To investigate the molecular mechanisms governing solubility and solvation, we employed classical molecular dynamics (MD) simulations using OpenMM. The solubility of estradiol was explored using two complementary approaches: (1) direct calculation of solvation energy via energy differences between vacuum and solvent environments, and (2) estimation of Hildebrand solubility parameters from cohesive energy densities.

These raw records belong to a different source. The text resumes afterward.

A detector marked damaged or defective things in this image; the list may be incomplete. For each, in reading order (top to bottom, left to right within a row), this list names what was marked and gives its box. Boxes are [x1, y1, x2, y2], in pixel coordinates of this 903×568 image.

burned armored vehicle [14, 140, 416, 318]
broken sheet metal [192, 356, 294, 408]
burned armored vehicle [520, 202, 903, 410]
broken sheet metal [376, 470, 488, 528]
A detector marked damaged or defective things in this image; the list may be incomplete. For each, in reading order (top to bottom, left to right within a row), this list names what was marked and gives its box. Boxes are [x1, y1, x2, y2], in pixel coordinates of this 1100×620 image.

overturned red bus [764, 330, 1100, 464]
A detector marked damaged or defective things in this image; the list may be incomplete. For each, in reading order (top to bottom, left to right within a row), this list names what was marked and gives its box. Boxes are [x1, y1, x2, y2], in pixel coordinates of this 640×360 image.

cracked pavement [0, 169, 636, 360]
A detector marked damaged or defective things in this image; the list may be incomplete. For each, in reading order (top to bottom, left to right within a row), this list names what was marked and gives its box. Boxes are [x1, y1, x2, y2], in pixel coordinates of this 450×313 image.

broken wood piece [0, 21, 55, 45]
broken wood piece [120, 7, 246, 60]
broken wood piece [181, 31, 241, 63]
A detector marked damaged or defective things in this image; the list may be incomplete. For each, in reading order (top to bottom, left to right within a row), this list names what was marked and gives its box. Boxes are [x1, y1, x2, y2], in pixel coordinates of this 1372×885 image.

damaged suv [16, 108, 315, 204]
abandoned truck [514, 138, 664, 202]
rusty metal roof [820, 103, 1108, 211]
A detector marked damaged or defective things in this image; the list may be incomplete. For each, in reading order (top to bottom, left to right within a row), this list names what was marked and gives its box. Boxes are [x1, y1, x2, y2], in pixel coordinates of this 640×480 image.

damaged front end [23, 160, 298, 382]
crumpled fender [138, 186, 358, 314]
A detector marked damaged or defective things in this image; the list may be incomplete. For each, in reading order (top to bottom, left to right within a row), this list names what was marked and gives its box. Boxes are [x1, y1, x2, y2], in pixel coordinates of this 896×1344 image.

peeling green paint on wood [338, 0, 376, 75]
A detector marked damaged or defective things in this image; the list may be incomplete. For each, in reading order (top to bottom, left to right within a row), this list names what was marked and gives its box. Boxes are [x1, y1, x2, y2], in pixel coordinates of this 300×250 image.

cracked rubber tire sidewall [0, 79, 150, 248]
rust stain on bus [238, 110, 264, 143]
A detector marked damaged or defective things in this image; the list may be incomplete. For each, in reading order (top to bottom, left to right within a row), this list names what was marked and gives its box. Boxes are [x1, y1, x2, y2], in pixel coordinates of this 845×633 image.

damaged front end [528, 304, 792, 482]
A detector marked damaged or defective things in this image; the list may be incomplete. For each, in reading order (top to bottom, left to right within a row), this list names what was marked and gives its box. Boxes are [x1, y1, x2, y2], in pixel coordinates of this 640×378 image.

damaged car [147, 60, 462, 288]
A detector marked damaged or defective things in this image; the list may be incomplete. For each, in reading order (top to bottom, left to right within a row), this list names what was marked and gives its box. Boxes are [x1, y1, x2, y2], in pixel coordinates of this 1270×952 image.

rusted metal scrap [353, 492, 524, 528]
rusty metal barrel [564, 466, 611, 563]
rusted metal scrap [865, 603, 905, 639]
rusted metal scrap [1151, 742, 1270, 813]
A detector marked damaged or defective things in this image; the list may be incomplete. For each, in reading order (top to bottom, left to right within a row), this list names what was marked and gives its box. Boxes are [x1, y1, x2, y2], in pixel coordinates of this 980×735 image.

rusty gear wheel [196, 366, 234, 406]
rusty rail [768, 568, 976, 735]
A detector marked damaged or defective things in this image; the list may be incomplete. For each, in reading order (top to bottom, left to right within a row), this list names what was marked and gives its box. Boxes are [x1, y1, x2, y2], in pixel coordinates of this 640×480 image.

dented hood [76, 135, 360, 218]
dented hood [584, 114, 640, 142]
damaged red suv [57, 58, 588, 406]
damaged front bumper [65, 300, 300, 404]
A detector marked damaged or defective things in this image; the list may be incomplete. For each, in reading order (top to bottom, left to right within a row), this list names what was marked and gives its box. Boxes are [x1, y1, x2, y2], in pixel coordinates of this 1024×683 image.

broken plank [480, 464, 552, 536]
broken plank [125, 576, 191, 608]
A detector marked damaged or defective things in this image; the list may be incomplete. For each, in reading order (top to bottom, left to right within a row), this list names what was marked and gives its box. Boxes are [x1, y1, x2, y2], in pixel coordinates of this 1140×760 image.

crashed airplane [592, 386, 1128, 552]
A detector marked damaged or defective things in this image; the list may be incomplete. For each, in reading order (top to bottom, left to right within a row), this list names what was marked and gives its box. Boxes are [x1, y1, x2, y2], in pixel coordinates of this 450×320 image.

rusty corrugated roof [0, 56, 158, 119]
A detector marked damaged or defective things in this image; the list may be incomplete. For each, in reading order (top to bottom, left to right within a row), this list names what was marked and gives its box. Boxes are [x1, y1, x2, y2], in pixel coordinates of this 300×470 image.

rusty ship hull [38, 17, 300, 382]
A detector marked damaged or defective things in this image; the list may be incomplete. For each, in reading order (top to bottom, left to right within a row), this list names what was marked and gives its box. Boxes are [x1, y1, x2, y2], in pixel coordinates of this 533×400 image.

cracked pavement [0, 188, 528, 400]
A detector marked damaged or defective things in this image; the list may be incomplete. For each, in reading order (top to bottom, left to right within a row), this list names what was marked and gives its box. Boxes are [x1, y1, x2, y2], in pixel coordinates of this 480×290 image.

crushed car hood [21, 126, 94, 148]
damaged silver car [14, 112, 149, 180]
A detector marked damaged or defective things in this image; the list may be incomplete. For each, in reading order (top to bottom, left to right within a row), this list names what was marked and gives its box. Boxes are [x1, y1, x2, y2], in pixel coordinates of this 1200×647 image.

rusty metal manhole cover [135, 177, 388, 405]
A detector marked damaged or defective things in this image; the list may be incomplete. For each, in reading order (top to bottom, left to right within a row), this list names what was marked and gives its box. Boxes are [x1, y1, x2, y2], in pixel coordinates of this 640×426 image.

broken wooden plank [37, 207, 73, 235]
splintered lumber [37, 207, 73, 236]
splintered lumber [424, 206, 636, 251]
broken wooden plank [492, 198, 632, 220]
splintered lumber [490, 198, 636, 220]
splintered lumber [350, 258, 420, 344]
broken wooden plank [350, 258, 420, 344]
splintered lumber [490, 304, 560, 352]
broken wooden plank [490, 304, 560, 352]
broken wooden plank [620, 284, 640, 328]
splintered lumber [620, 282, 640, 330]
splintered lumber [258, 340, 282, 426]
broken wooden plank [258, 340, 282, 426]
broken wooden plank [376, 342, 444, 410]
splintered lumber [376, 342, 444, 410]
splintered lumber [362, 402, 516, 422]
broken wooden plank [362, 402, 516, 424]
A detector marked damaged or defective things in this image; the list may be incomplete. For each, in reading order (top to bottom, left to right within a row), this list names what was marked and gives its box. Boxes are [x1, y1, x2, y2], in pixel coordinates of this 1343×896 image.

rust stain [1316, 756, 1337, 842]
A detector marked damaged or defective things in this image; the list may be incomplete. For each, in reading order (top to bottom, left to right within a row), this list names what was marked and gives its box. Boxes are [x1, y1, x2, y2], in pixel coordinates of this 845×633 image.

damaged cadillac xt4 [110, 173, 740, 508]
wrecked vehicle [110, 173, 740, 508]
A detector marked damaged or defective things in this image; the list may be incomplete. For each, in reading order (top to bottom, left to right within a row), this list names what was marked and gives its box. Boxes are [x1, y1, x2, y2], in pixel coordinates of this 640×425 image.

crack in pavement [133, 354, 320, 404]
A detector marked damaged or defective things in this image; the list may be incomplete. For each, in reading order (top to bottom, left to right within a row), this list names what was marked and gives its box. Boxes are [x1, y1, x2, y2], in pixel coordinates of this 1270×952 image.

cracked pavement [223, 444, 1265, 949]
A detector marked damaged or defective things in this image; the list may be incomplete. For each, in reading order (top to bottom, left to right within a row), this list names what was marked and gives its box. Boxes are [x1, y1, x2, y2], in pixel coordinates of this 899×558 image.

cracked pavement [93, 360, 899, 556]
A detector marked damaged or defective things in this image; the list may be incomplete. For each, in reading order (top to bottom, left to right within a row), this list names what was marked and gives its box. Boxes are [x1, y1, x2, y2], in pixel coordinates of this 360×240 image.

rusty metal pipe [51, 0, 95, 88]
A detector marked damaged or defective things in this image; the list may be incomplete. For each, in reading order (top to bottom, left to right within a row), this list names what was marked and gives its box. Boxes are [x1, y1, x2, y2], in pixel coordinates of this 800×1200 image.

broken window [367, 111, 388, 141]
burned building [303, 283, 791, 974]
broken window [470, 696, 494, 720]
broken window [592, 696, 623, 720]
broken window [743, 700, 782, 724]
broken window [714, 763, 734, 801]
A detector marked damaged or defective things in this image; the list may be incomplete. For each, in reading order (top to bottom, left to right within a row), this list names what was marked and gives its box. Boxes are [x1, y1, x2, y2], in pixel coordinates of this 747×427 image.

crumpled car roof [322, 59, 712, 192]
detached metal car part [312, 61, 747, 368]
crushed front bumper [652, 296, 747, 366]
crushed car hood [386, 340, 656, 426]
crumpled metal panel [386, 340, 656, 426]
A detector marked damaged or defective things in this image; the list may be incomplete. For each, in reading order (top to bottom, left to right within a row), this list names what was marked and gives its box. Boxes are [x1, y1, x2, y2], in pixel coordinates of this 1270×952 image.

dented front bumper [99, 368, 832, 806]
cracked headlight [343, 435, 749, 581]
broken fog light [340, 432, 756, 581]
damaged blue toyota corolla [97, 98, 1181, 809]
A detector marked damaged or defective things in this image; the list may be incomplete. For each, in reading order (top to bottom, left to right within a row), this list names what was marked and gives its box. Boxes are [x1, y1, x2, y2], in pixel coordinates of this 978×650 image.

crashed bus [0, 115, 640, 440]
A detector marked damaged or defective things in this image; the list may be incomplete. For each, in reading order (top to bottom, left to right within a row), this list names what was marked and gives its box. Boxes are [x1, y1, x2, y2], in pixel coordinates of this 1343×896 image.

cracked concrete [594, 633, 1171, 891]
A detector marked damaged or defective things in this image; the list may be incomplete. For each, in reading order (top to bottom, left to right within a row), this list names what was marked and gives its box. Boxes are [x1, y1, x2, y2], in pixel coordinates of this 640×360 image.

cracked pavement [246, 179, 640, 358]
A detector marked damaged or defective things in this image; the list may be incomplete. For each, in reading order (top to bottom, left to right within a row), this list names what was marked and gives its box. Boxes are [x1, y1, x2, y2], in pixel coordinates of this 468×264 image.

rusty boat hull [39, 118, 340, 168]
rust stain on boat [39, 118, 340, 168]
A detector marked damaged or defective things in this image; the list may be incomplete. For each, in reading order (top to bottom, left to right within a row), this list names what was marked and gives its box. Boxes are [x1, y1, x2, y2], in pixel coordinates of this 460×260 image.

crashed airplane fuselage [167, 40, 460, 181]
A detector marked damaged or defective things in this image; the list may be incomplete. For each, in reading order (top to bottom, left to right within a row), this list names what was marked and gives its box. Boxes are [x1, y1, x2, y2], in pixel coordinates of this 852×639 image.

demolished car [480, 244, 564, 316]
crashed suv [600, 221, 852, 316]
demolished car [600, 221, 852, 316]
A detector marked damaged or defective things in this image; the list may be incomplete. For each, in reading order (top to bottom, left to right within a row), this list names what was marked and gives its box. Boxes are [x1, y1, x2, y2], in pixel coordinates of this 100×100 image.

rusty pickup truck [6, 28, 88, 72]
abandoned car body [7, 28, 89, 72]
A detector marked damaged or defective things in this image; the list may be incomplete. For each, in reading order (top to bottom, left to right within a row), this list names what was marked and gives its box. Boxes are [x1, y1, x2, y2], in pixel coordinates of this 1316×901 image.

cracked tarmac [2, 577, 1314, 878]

The solvation energy was calculated through three simulations: (1) the estradiol molecule in vacuum to obtain its intramolecular energy baseline, (2) a bulk solvent box (water or methanol) to determine the cohesive energy of the pure phase, and (3) estradiol solvated in that solvent to capture solute–solvent interactions. As a benchmark, the average potential energy per water molecule in a cubic TIP3P water box (3 × 3 × 3 nm³, ~887 molecules) was computed under periodic boundary conditions, with long-range electrostatics handled via Particle Mesh Ewald (PME) and hydrogen bond constraints applied. Langevin dynamics at 298 K combined with a Monte Carlo barostat ensured equilibration and production sampling. The resulting potential energy per water molecule, −9.59 kcal/mol, closely matches the literature TIP3P value of −9.86 kcal/mol, with a relative error of 2.74%, validating the simulation protocol.2
Hildebrand solubility parameters (δ) were computed for TIP3P water and methanol from three independent replicates. For water, δ = 46.802 MPa¹ᐟ², compared to a literature value of 47.8 MPa¹ᐟ², corresponding to a 2.09% relative difference.3 The 95% confidence interval, calculated from the replicate standard deviation, confirms good agreement and indicates that the energy-based approach provides a reasonable estimate of molecular cohesion. The methanol parameter is currently being calculated to further explore solvent selection for estradiol formulations.
Overall, this work demonstrates how molecular dynamics simulations, combined with classical solubility parameter analysis, can quantify solute–solvent energetics, guide solvent selection, and inform formulation strategies for poorly soluble hydrophobic compounds. By integrating direct solvation energy calculations and Hildebrand parameter estimation, the study provides a cohesive framework for predicting molecular compatibility and designing controlled-release small-molecule drug formulations.
Figure 1: 17β-estradiol molecule visualized in NGLView.